Performance optimization skill: For Dimension Table Filtering & Computation

  Often a join query between the fact table and a dimension table involves filtering and computation over dimension data. There are two optimization methods.

  1. First join the fact table and the dimension table (pre-join them or only the dimension tables if they can fit into the memory) and then filtering the joined fact table (See Performance Optimization Tricks: Numbered Foreign Key).

  2. First perform filtering over the dimension table and then join the filtered table with the fact table. A join requires an index on the dimension table’s key. But after filtering the index is unusable and a new one needs to be created.

  Their effects are influenced by the proportion of the size of dimension table(s) to that of the fact table. So we need some tests to find which one is better in different contexts.

 

I. Test environment

  Eight data tables, a total of 50G data size, have been generated according to TPCH benchmark.

  There are two test computers. Each has an Intel2670 16-core CPU, a 2.6 GHz processor, a 128GB RAM and an SSD.

  For the convenience of the test, I adopt the single-threaded processing and just leave the multicore ability alone.

 

II. Whole RAM computation

  This requires all source data files be loaded into the memory in advance. The data files to be computed here are customer, the dimension table, which contains 7.5 million records, and orders, the fact table, which 75 million records.

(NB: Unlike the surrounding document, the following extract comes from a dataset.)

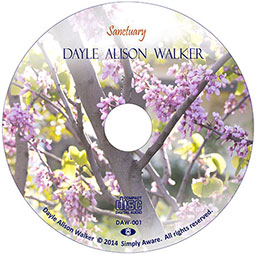 Dayle CD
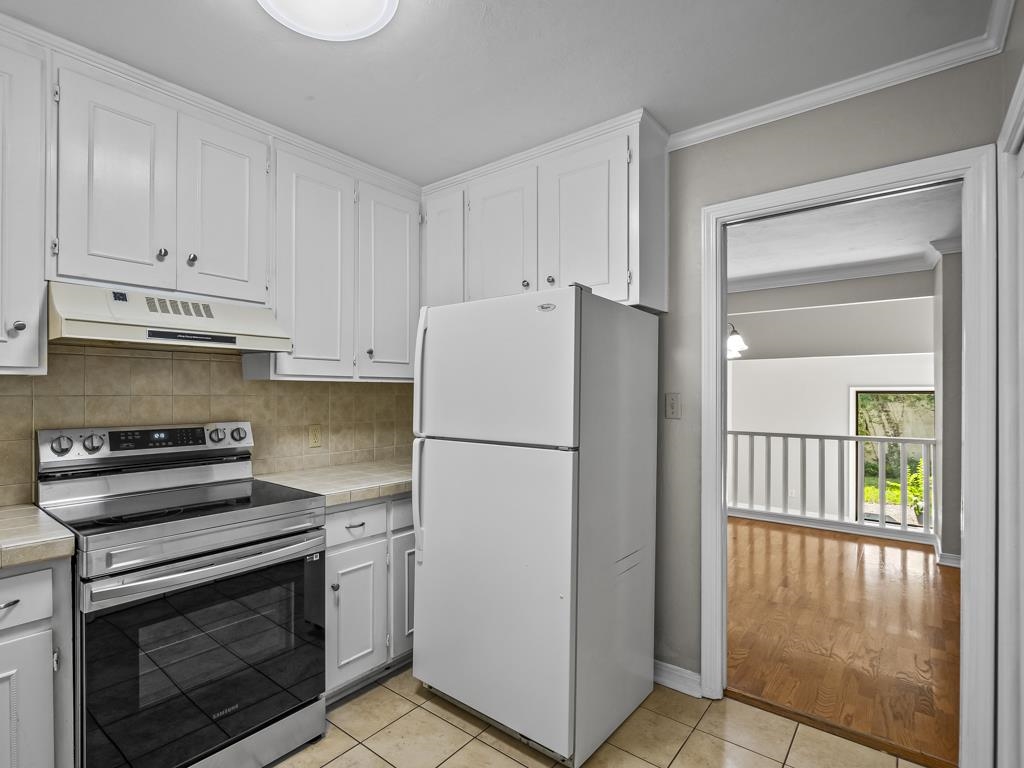 1904 Miccosukee Road, Unit 21 Tallahassee, FL 32308 - Photo 15 of 38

  The filtering conditions on the dimension table are “left(C_NAME,4)!="shen" && C_NATIONKEY>-1 && C_ACCTBAL>bal”. The goal is to calculate the total orders amount meeting these conditions. To emphasize the differences between tests by increasing computation amount, let’s say the first two conditions should always be true. Parameter bal is used to test the query speeds with different proportions of dimension data size and fact data size.

 

1. Pre-joining

  The SPL script with pre-joined dimension table and fact table:


A

1

>customer=file("/home/ctx/customer.ctx").create().memory().keys@i(C_CUSTKEY)

2

>orders=file("/home/ctx/orders.ctx").create().memory()

3

=orders.switch(O_CUSTKEY,customer)

4

=now()

5

=orders.select(left(O_CUSTKEY.C_NAME,4)!="shen"  && O_CUSTKEY.C_NATIONKEY>-1   && O_CUSTKEY.C_ACCTBAL>bal)

6

=A5.sum(O_TOTALPRICE)

7

=interval@s(A4,now())

  A1 loads the dimension table into the memory and creates an index on its keys. A2 reads the fact table into the memory. A3 pre-joins them. The time counting starts from the execution of A4.

 

2. Index rebuild

  SPL script:


A

1

>customer=file("/home/ctx/customer.ctx").create().memory().keys@i(C_CUSTKEY)

2

>orders=file("/home/ctx/orders.ctx").create().memory()

3

=now()

4

=customer.select(left(C_NAME,4)!="shen"  && C_NATIONKEY>-1 &&   C_ACCTBAL>bal).derive@o().keys@i(C_CUSTKEY)

5

=orders.switch@i(O_CUSTKEY,A4)

6

=A5.sum(O_TOTALPRICE)

7

=interval@s(A3,now())

  A4 filters customer table and then rebuilds an index for it. A5 joins the two tables.

 

3. Index reuse

  SPL supports the reuse of an existing index. So we just need to change A4 in the above script into:

    =customer.select@i(left(C_NAME,4)!="shen" && C_NATIONKEY>-1 && C_ACCTBAL>bal)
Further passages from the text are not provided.